As a stockholder of Google Inc. (I own three whole shares), I occasionally get e-mails and letters regarding all sorts of fun Google investor news. Lately a lot of that news has been “our shares are plummeting, you should have sold at $700.” One item in particular I recently read on the Google Investor Relations page caught my eye:
Consumption of alcohol is not banned at our offices, but use good judgment and never drink in a way that leads to impaired performance or inappropriate behavior, endangers the safety of others or violates the law.
My first thought upon reading this was “sweeeeeet.” So were my second through seventeenth thoughts. Eventually, after fighting very hard to resist the temptation to submit my resume immediately, I considered the implications of allowing alcohol consumption at work. First there are the obvious benefits:
- Alcohol can make co-workers easier to deal with. Oh man, I can think of a dozen people where I work that are fifty times more mellow and easier to work with when they’ve had a drink or five.
- Alcohol inspires creativity. If you don’t believe me, just keep in mind that the following things were invented by drunk people: electricity, computers, the internet, and reality television. Just make sure you’re not too drunk that you can’t remember your great ideas or at least write them down for later.
- Alcohol can benefit worker productivity. Allowing personnel to drink at work gives them one less reason to want to go home, so they’ll be more than happy to put in the longer hours today’s work environment demands.
- Alcohol helps with the Monday Blues. After drinking your weekend away, the last thing you probably want to do is go to work Monday morning. But if you can bring your friends Heineken and Captain Morgan with you, Mondays won’t be quite so bad after all.
- At least it’s not drugs. Employees who can drink at work will be far less likely to sneak out for a quick “smoke” break, and I ain’t talkin’ ’bout cigarettes. And while some people might argue that alcohol is a drug, I would argue that those people should shut the hell up and have a drink.
Of course, there are also some drawbacks to allowing employees to drink while working.
- Alcohol can impair judgment. “Should we buy out our competitor for $100 million when it’s only worth $5 million? No! That would be stupid! [Five drinks later.] Yes! That would be awesome!”
- Alcohol makes people tired and/or slow. While alcohol might keep your workers happier and working longer, they might spend some of those hours re-reading the same paragraph 47 times or sleeping under their desks. Counteract this unfortunate side effect of alcohol by blaring extremely loud heavy metal throughout your office building.
- Drunk people sometimes fight more. This one sort of speaks for itself, so I’ll also note that a policy allowing alcohol at work is not compatible with policies allowing guns and knives at work. One or the other, people!
- Alcohol can inspire all sorts of bad behavior. If your workplace already suffers from numerous sexual harassment or ethnic discrimination complaints, letting workers drink might not improve things.

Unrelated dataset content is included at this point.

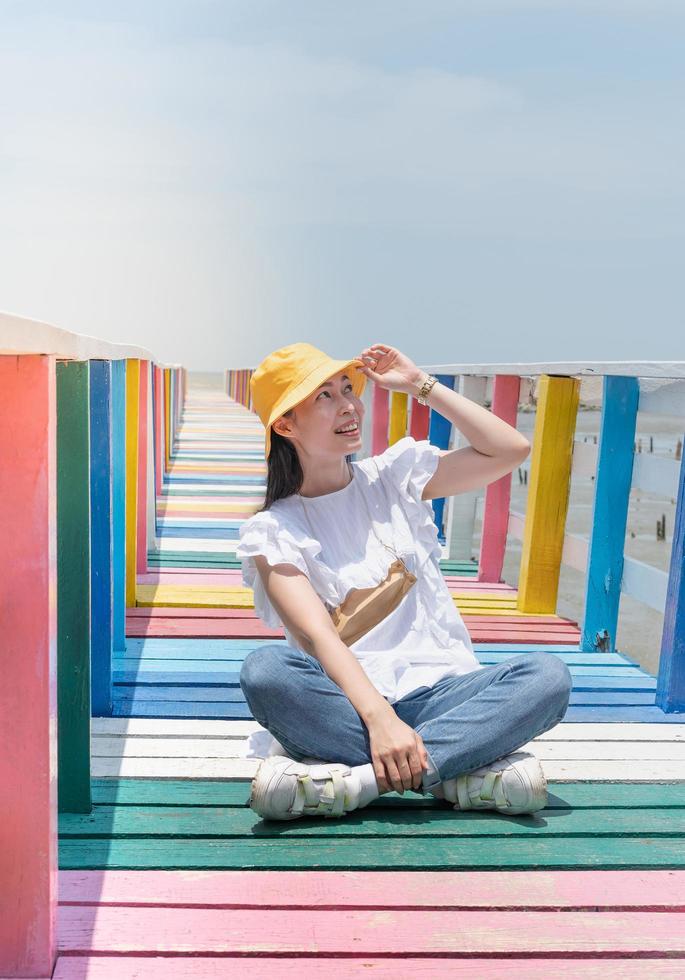 The back view of asian woman standing and taking photo on the rainbow bridge to see the viewpoint at the Samut Sakorn province.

- Other people might look down on your business if everyone’s drinking all of the time. Then again, Google seems not to mind if its workers get sloshed on the clock and it has at least 70 billion users worldwide.
In the end, the decision on whether or not to allow alcohol in the workplace should be made on a case-by-case basis and only after careful consideration of numerous factors including but not limited to employee diversity, workplace safety, and worker productivity. And if your place of business decides that openly allowing you to bring a six-pack to your cubicle for lunch isn’t a good idea, you can just pre-mix your booze and sneak it past security in a soft drink bottle like everyone else you work with already does.